• Task inputs:
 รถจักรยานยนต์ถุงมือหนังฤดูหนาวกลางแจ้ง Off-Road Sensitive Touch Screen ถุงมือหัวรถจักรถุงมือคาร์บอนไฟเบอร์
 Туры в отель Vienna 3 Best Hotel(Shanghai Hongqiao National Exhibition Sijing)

--

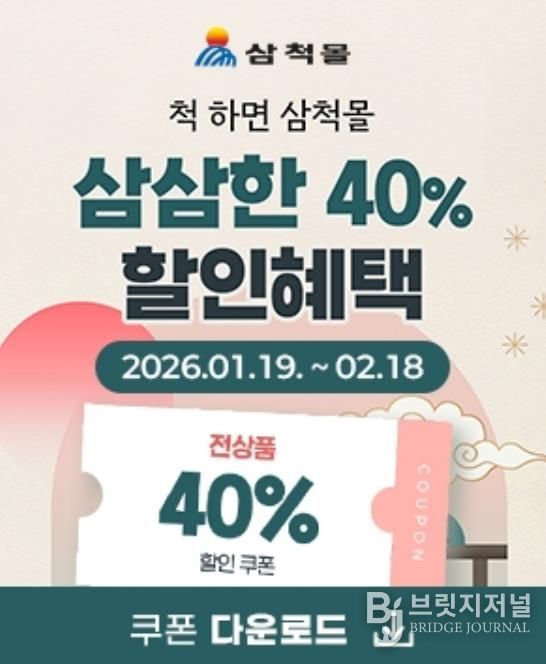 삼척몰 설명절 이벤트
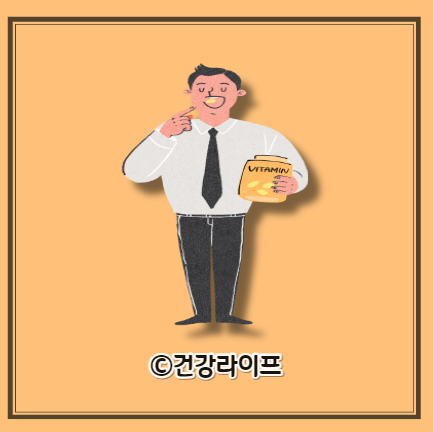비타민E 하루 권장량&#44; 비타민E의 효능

• Your assignment: The expected output is exactly the lines of the listing above between the line holding "รถจักรยานยนต์ถุงมือหนังฤดูหนาวกลางแจ้ง Off-Road Sensitive" and the line holding "Туры в отель", inclusive.

• Task answer:
 รถจักรยานยนต์ถุงมือหนังฤดูหนาวกลางแจ้ง Off-Road Sensitive Touch Screen ถุงมือหัวรถจักรถุงมือคาร์บอนไฟเบอร์
 Туры в отель Vienna 3 Best Hotel(Shanghai Hongqiao National Exhibition Sijing)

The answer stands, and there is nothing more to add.